» **Supplied material**:
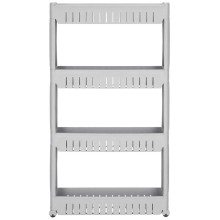 Cabinet on wheels Springos HA1020, 4 shelves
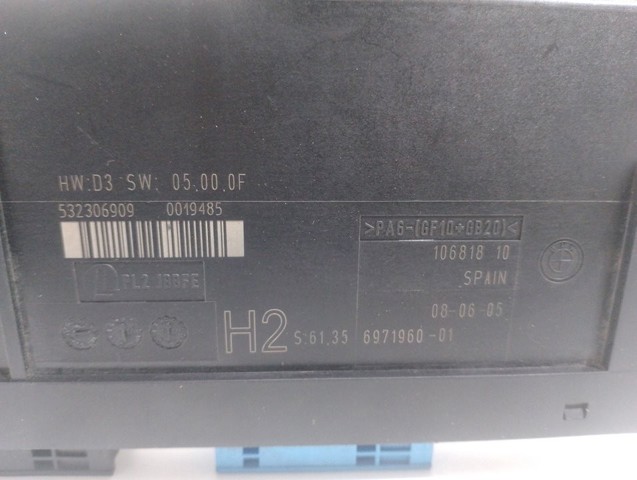 Bloque confort BMW 3 E92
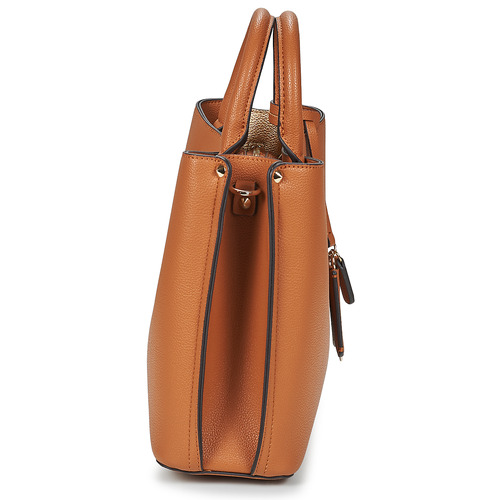 Guess MERIDIAN II GIRLFRIEND SATCHEL Castanho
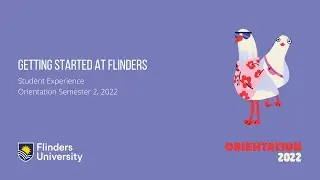 Getting Started at Flinders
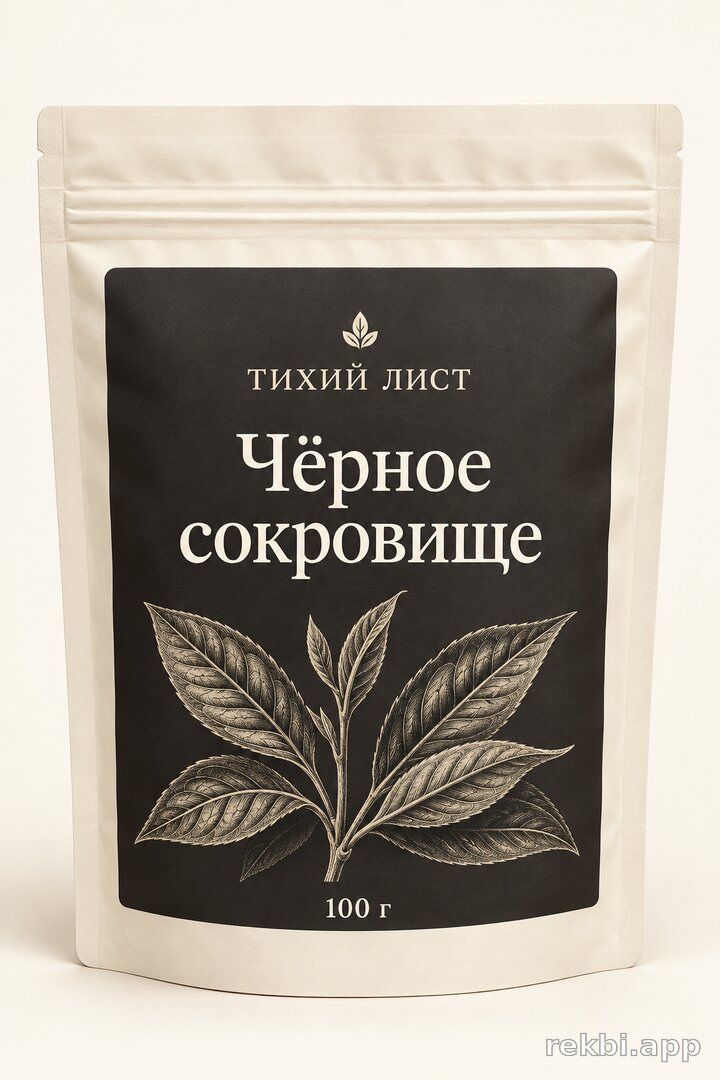 Чёрное сокровище 100г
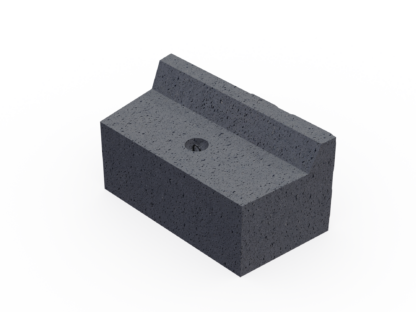 Concrete Landscape Top Inside Corner Block (Left) BCPI Product #4033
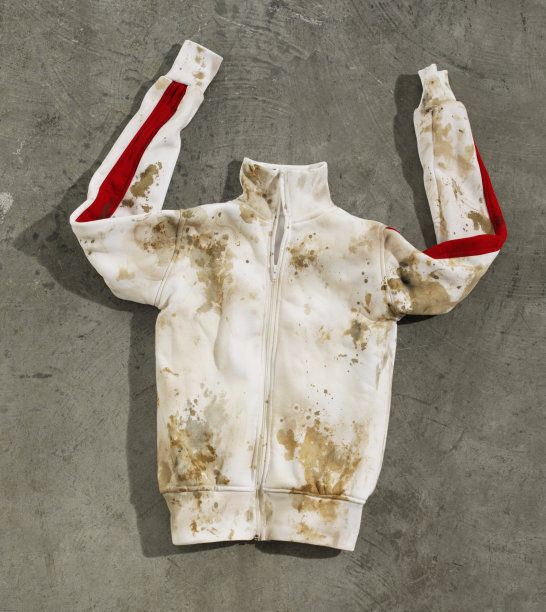 stained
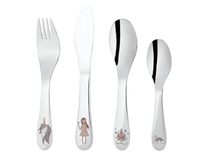 Livarno Home (4-tlg.) Kinderbesteck-Set für 8,94€ inkl. Versand (statt 12€)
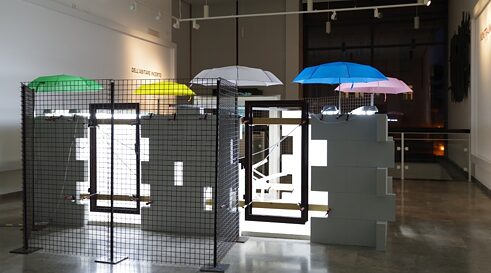 Vom ungewissen Wohnen – Ausstellung im KunstRaum Goethe, 15.02.–29.04.2018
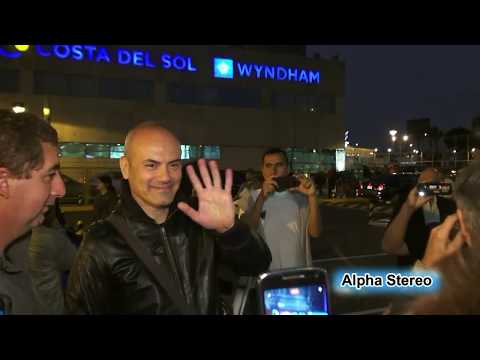 LLEGADA A LIMA DE KEN LASZLO &  FRED VENTURA (AEROPUERTO JORGER CHAVEZ)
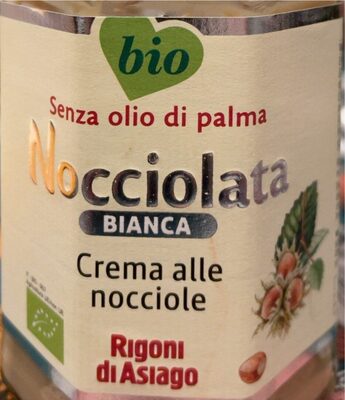 Nocciolata bianca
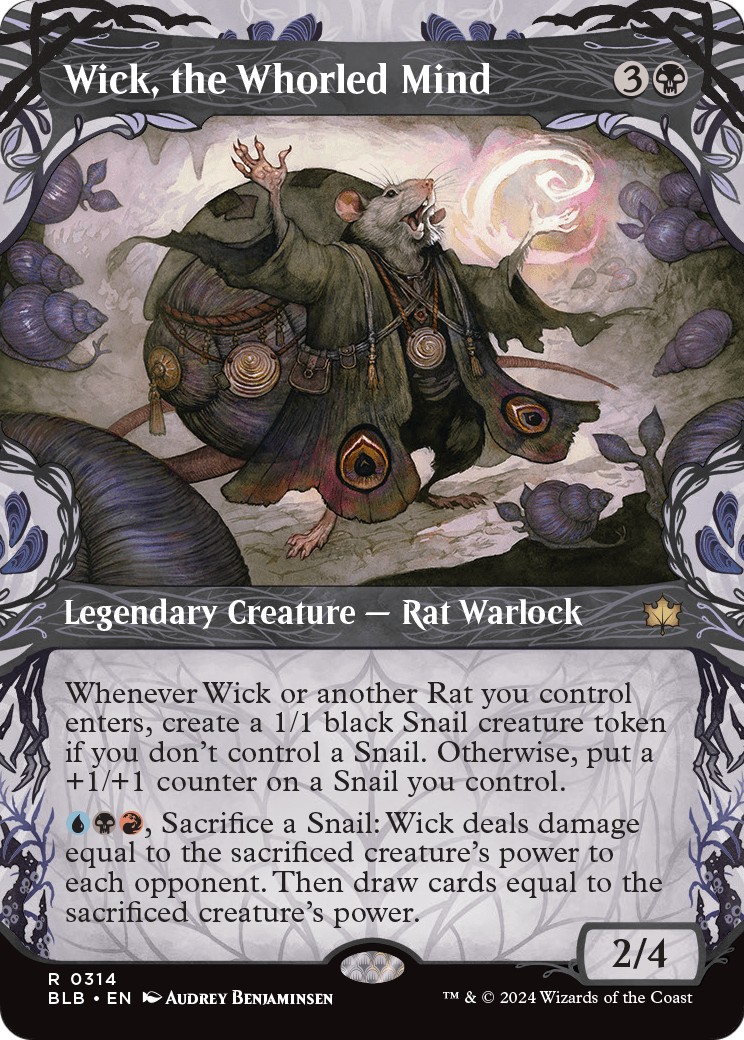 Wick, the Whorled Mind - Image 1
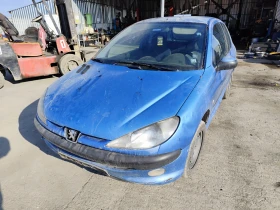 Peugeot 206 1.9D, снимка 2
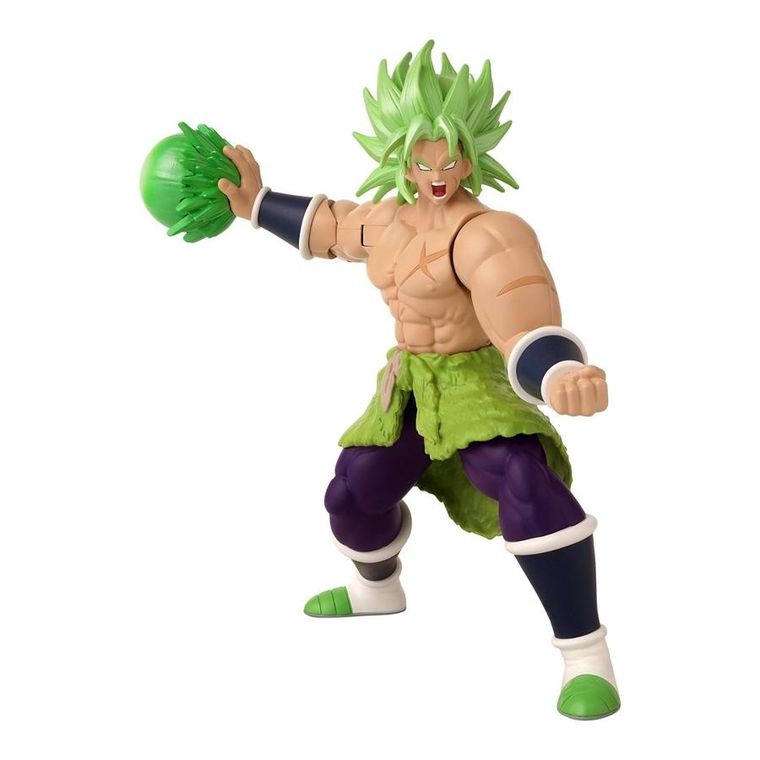 Bandai, Dragon Ball Super Attack, Broly, figurka kolekcjonerska, 18 cm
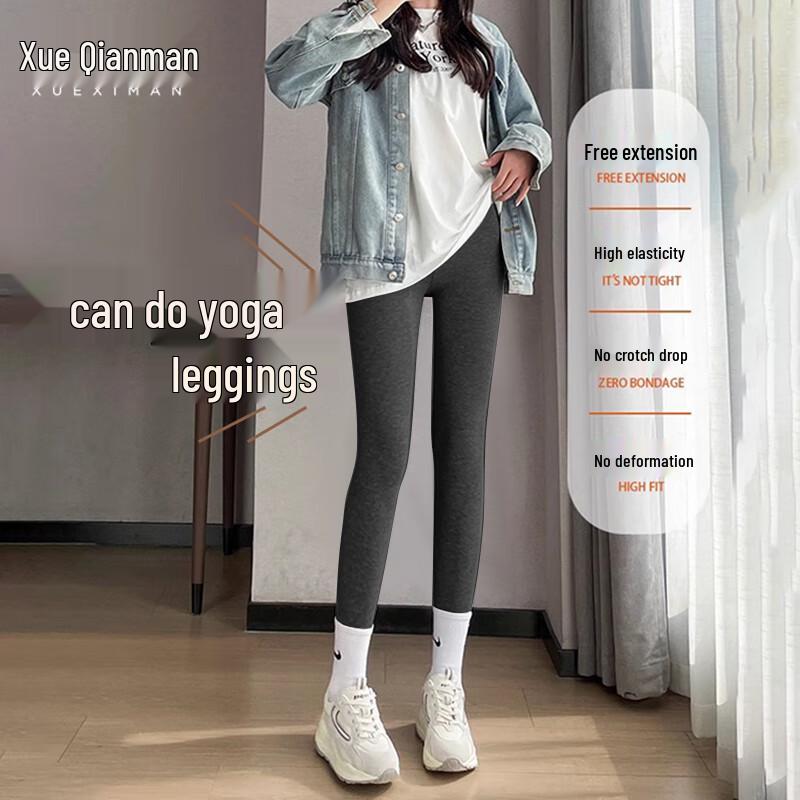 

Женские облегающие леггинсы в рубчик с флисовой подкладкой One Size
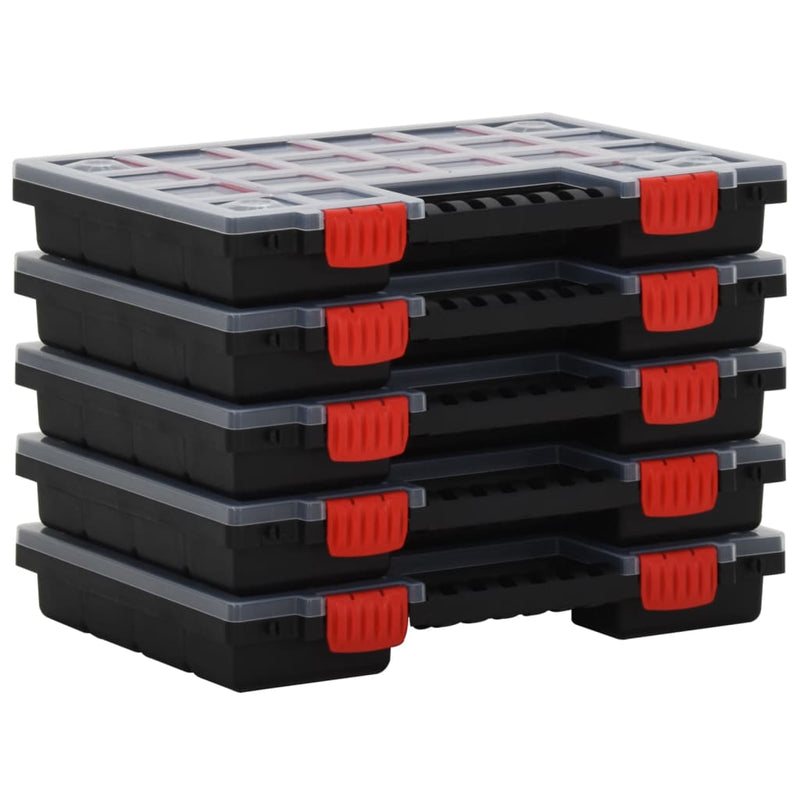 Load image into Gallery viewer, VidaXL Assortimentsdozen 10 st 34,5x25x5 cm polypropeen
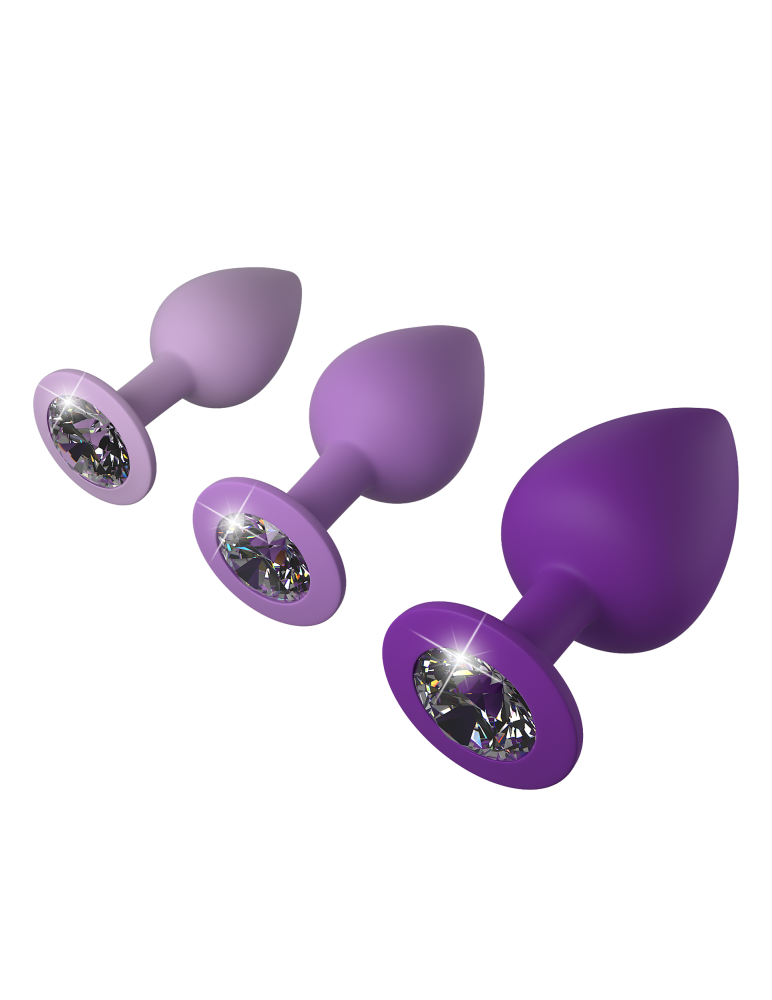 Her Little Gems Trainer Set Purple | ViPstore.hu - Erotika webáruház #3 - EAN 603912758764 | SKU PIPE494812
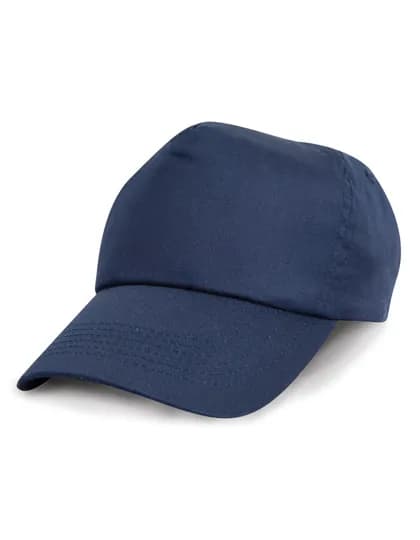 Junior Cotton Cap - Navy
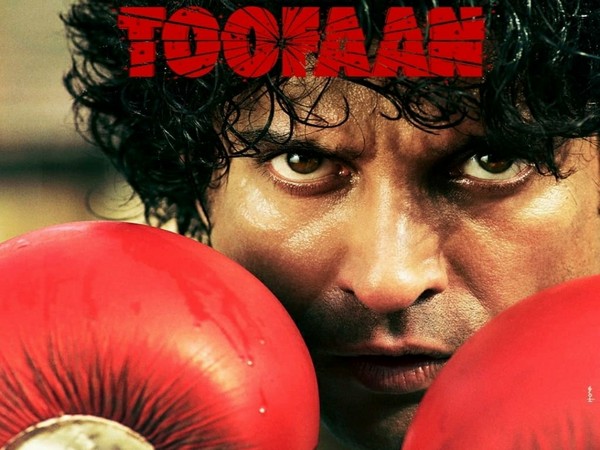 Farhan Akhtar in 'Toofan' (Image source: Instagram)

» **Work to be completed**:
When you print the records above, keep them exact and leave out the pictures.

» **Reply to the task**:
 Cabinet on wheels Springos HA1020, 4 shelves
 Bloque confort BMW 3 E92
 Guess MERIDIAN II GIRLFRIEND SATCHEL Castanho
 Getting Started at Flinders
 Чёрное сокровище 100г
 Concrete Landscape Top Inside Corner Block (Left) BCPI Product #4033
 stained
 Livarno Home (4-tlg.) Kinderbesteck-Set für 8,94€ inkl. Versand (statt 12€)
 Vom ungewissen Wohnen – Ausstellung im KunstRaum Goethe, 15.02.–29.04.2018
 LLEGADA A LIMA DE KEN LASZLO &  FRED VENTURA (AEROPUERTO JORGER CHAVEZ)
 Nocciolata bianca
 Wick, the Whorled Mind - Image 1
 Peugeot 206 1.9D, снимка 2
 Bandai, Dragon Ball Super Attack, Broly, figurka kolekcjonerska, 18 cm

Женские облегающие леггинсы в рубчик с флисовой подкладкой One Size
 Load image into Gallery viewer, VidaXL Assortimentsdozen 10 st 34,5x25x5 cm polypropeen
 Her Little Gems Trainer Set Purple | ViPstore.hu - Erotika webáruház #3 - EAN 603912758764 | SKU PIPE494812
 Junior Cotton Cap - Navy
 Farhan Akhtar in 'Toofan' (Image source: Instagram)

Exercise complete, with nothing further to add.